Брак, то есть отношения между супругами, образование и поддержание семьи вокруг супружеской пары, является, несомненно, одним из основных элементов этой этики. Прежде всего потому, что именно с браком связана наиболее ощутимая разница между подвижнической жизнью и жизнью в миру: «Ты очень заблуждаешься и обманываешься, если думаешь, что иное требуется от мирянина, а другое от монаха; разность между ними в том, что один вступает в брак, а другой нет, во всем же прочем они подлежат одинаковой ответственности»[708]

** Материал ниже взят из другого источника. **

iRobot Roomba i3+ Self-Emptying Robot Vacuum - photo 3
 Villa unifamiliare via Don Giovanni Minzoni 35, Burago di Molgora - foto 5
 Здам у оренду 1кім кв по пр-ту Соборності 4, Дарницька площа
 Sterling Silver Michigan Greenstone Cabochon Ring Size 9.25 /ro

. В виду этой разницы и того, в чем она проявляется наиболее определенно, – половых отношений между супругами – потребовалось сформировать совокупность правил и практик, применение которых позволит той из двух этих форм, что как нельзя более далека от подвижничества, не лишиться религиозной ценности и надежды на спасение. Причем в то же самое время роль семьи как супружеской ячейки возрастала под влиянием развития имперской администрации и постепенного исчезновения традиционных органов власти: эти процессы делали семью базовым элементом общества и первой точкой сочленения между этическим поведением индивидов и системой всеобщих законов. В результате мы приходим к выводу, который на первый взгляд может показаться парадоксальным: на фоне интенсификации аскетизма и расширения системы государственных структур семейная ячейка, отношения между супругами и повседневная жизнь супружеской пары во всем вплоть до ее половой активности становятся всё более значимыми ставками.Разве не были они таковыми в «Государстве» и «Законах» {Платона} или в «Политике» Аристотеля? Конечно, были – но по-другому. Исследование христианских текстов конца IV – начала V веков, посвященных этой проблеме, показывает, что, в противоположность тому, что мы находим в классической Греции, а равно и тому, что следует из общепринятых представлений {о раннем христианстве}, половые отношения между супругами приобрели важность вовсе не в меру их способности и обязанности обеспечивать деторождение.